ESPRIT·S. Ces très grandes plantes d’appartement ne datent pas d’hier. Elles étaient toute petites quand elles sont arrivées ici, dans des tout petits pots. Régulièrement, elles ont été attrapées et bougées dans tous les sens, ne comprenant pas qu’on était occupés à les dépoter et à les rempoter dans de plus grands pots. À la suite de quoi, leurs racines découvraient qu’il leur était de nouveau possible de s’étendre. Elles ne faisaient pas le lien entre cette nouvelle géographie souterraine et les secouements qui avaient précédé. Ça ne les surprenait pas, pas plus que ça ne les avait surprises d’être arrêtées dans leur progression et de ne pas réussir à contourner l’obstacle. Ces grandes plantes, des feuilles jusqu’aux racines, ne se demandent pas pourquoi ceci ou pourquoi cela. Comme la plupart d’entre nous, d’entre vous, la plupart du temps, elle font simplement de leur mieux, avec les obsessions et les marges de manœuvre qui sont les leurs, en ce qui les concerne dans ce bureau qui pour elles est le summum de la forêt tropicale.

Judith et Tanguy (ne vont pas tarder à atteindre les cinquante ans).

Arrive Hervé (a déjà dépassé les cinquante ans).

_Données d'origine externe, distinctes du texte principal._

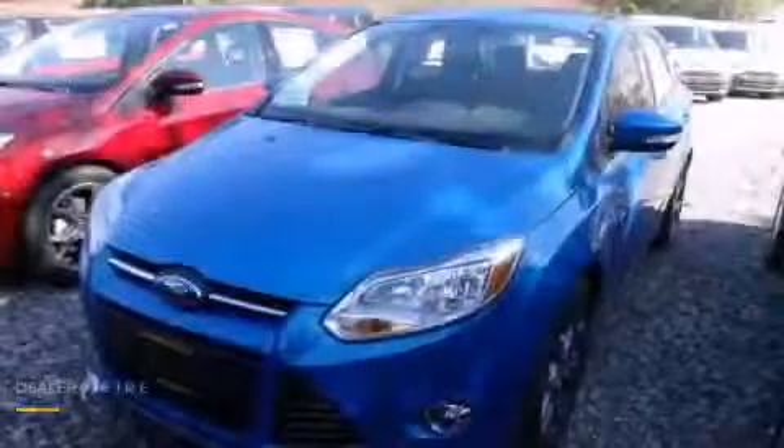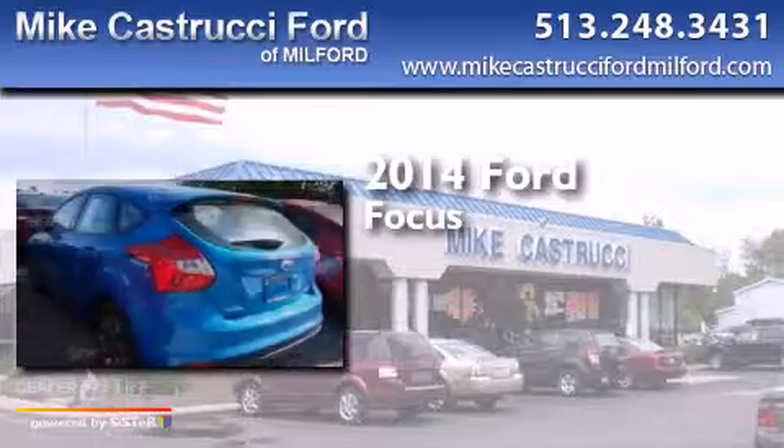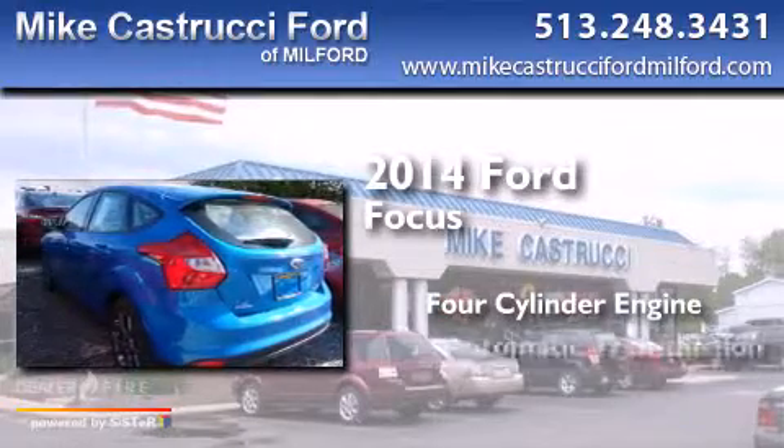This is a brand new 2014 Ford Focus. It features a four-cylinder engine and an automatic transmission.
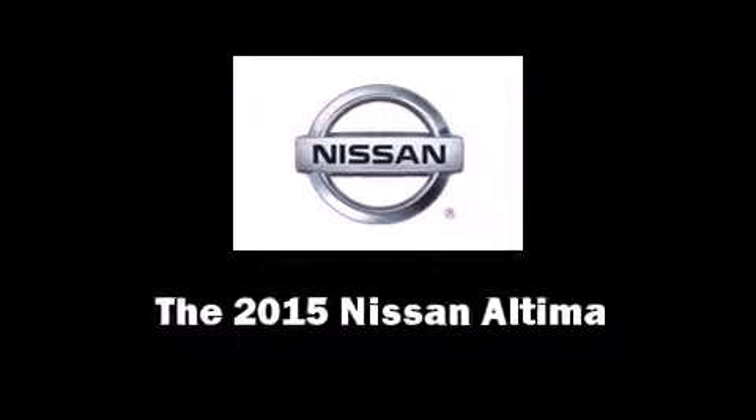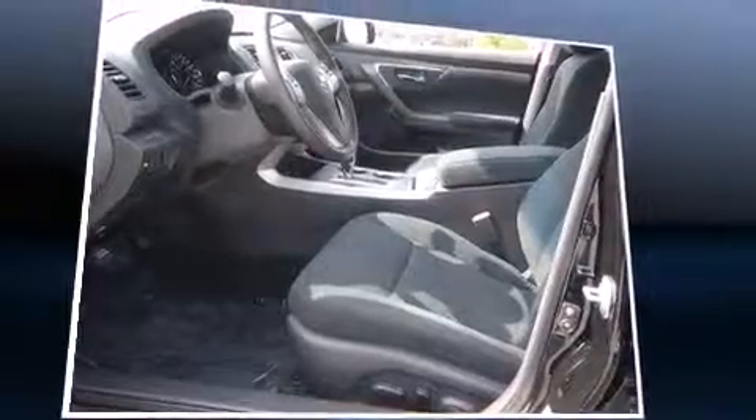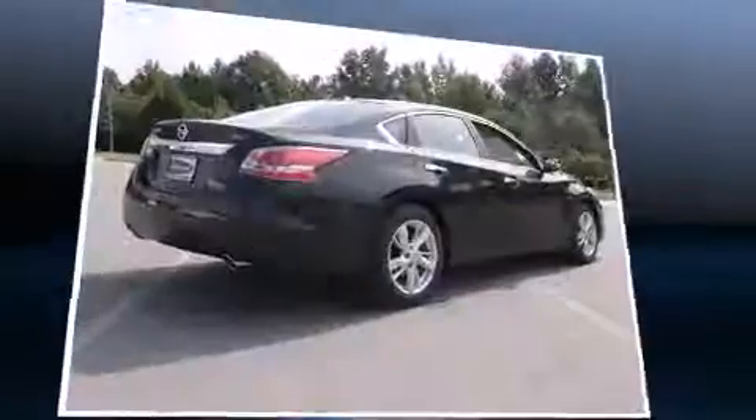Climb inside the 2015 Nissan Altima. This four-door, five-passenger sedan will allow you to take command of the road with confidence. It features a continuously variable transmission, front-wheel drive, and a 2.5-liter four-cylinder engine.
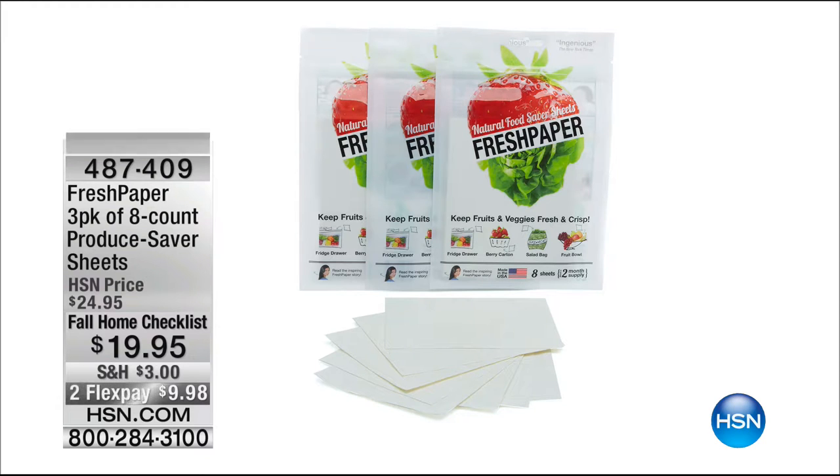Try it, try it, try it. We're so thrilled and honored to have Fresh Paper here at HSN, and it's going to save you money, not to mention reduce your food waste.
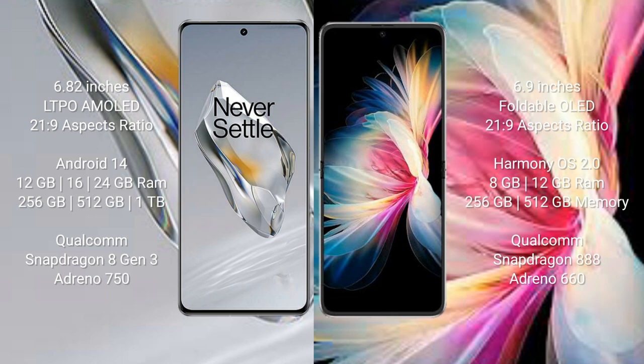OnePlus 12 runs on the Android 14 operating system. Huawei P50 Pocket runs on the HarmonyOS operating system.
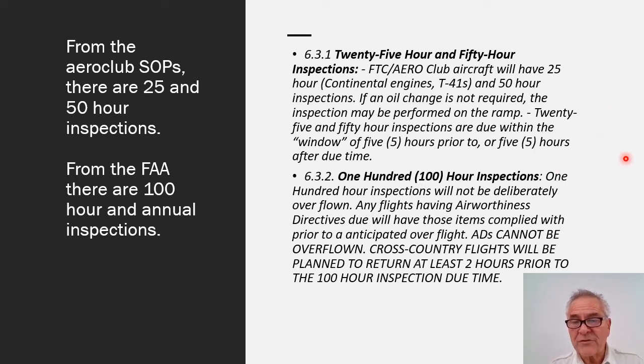100 hour inspections will not deliberately be overflown. Any flights having airworthiness directives due will have those items complied with prior to anticipating overflight — ADs cannot be overflown. In addition, cross-countries will be planned to return at least 2 hours prior to the 100 hour inspection time due. These Continental engines have no oil filters, and therefore have more frequent oil change requirements, hence the 25 and 50 hour requirements.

Ainsi que les autres matins – même si, on va le voir, il ne s’agit pas d’un matin comme les autres –, c’est Hervé qui va préparer le café et ils vont le boire ensemble avant de se mettre à travailler.

JUDITH. Bonjour Hervé.

HERVÉ. Hello.

JUDITH. Passé un bon week-end ?

HERVÉ. Correct. Et vous ?

JUDITH. Un week-end peu ordinaire.

HERVÉ. Peu ordinaire ?

JUDITH. Oui.

HERVÉ. Ah bon.

TANGUY. On va fermer le zoo.

HERVÉ. Fermer le zoo ?

TANGUY. Fermer le zoo. Définitivement.

HERVÉ. Définitivement ? Ah bon ?

JUDITH. Oui.

TANGUY. Tu dis que si les animaux sont à ce point discrets depuis le décès de ma mère, s’ils sont encore plus discrets qu’ils l’étaient jusqu’à présent – et ils l’étaient déjà terriblement, leur silence était un véritable reproche –, s’ils paraissent depuis être tous taxidermisés, tu dis que c’est parce qu’ils portent le deuil de ma mère – on se demande bien pourquoi les animaux porteraient le deuil d’une femme qui ne vivait plus ici depuis vingt ans, et qui lorsqu’elle y vivait n’était pas chargée de les soigner, qui passait tout son temps dans le bureau et au guichet, le plus loin possible de leurs odeurs, mais bon, tu dis qu’ils portent le deuil – c’est peut-être ta façon à toi de le porter, que de raconter ça. Ce qui est vrai, c’est que depuis son décès les animaux sont étonnamment mutiques et étonnamment prostrés, c’est tout à fait bien observé, on le constate avec toi. Mais on sait à présent que ça n’est pas parce qu’ils portent le deuil de ma mère. C’est parce que ma mère, une fois morte, est allée les avertir un par un de la fermeture imminente du zoo.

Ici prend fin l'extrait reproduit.